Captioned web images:
-----

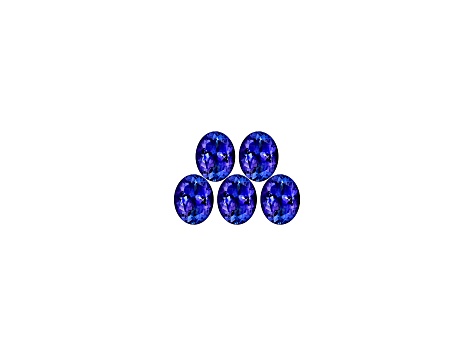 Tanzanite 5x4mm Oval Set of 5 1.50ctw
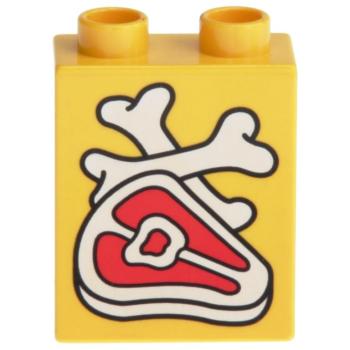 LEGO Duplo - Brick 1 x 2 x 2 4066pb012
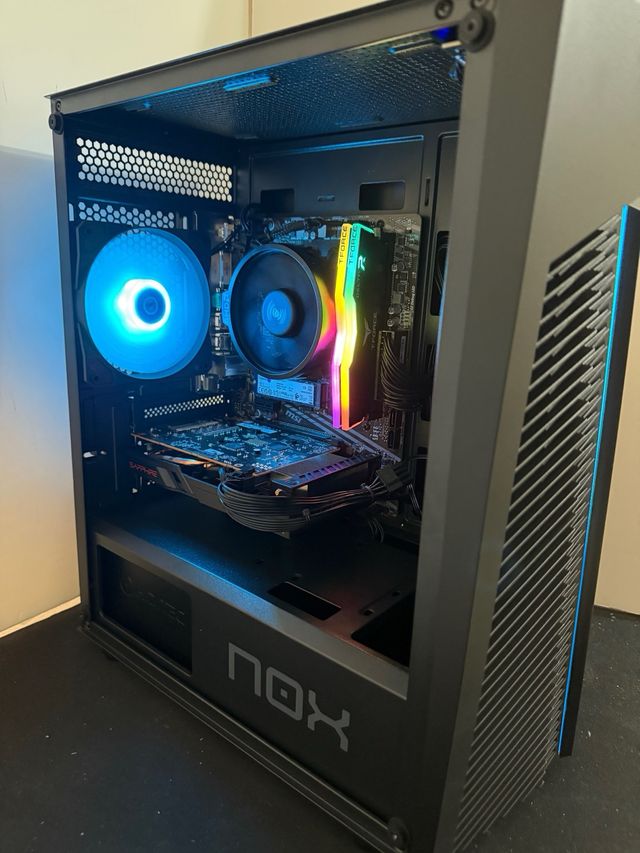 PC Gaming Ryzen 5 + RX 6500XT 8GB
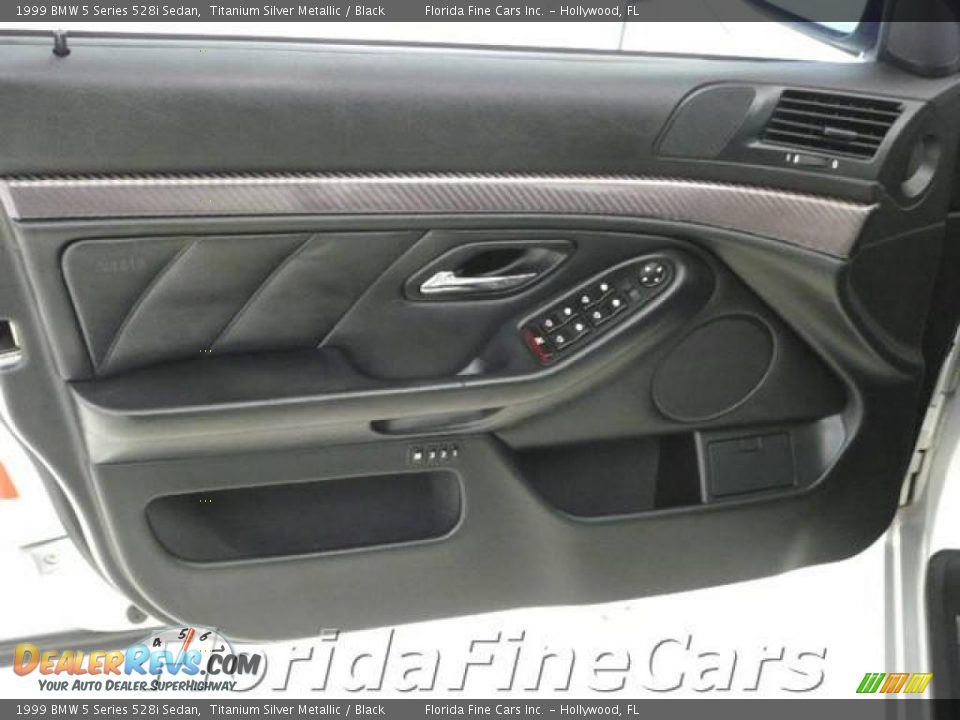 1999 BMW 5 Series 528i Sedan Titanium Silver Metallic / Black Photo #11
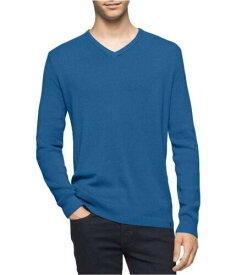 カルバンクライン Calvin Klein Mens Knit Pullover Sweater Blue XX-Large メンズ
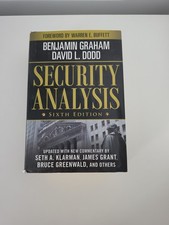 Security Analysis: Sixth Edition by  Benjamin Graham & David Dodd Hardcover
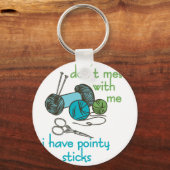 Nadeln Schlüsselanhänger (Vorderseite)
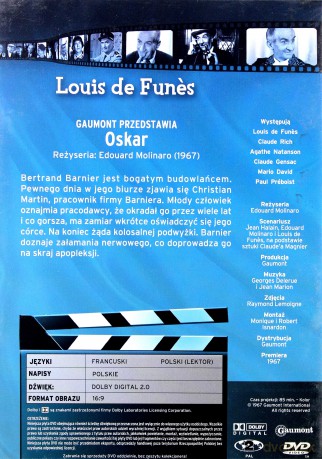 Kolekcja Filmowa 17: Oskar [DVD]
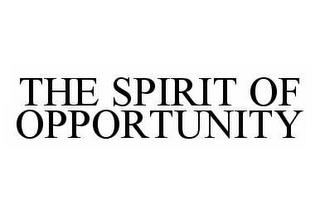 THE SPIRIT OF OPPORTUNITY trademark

-----

WHAT TO WORK ON: Would you mind returning each entry above word for word, skipping the images?

ANSWER FOR THIS EXERCISE:
 Tanzanite 5x4mm Oval Set of 5 1.50ctw
 LEGO Duplo - Brick 1 x 2 x 2 4066pb012
 PC Gaming Ryzen 5 + RX 6500XT 8GB
 1999 BMW 5 Series 528i Sedan Titanium Silver Metallic / Black Photo #11
 カルバンクライン Calvin Klein Mens Knit Pullover Sweater Blue XX-Large メンズ
 Security Analysis: Sixth Edition by  Benjamin Graham & David Dodd Hardcover
 Nadeln Schlüsselanhänger (Vorderseite)
 Kolekcja Filmowa 17: Oskar [DVD]
 THE SPIRIT OF OPPORTUNITY trademark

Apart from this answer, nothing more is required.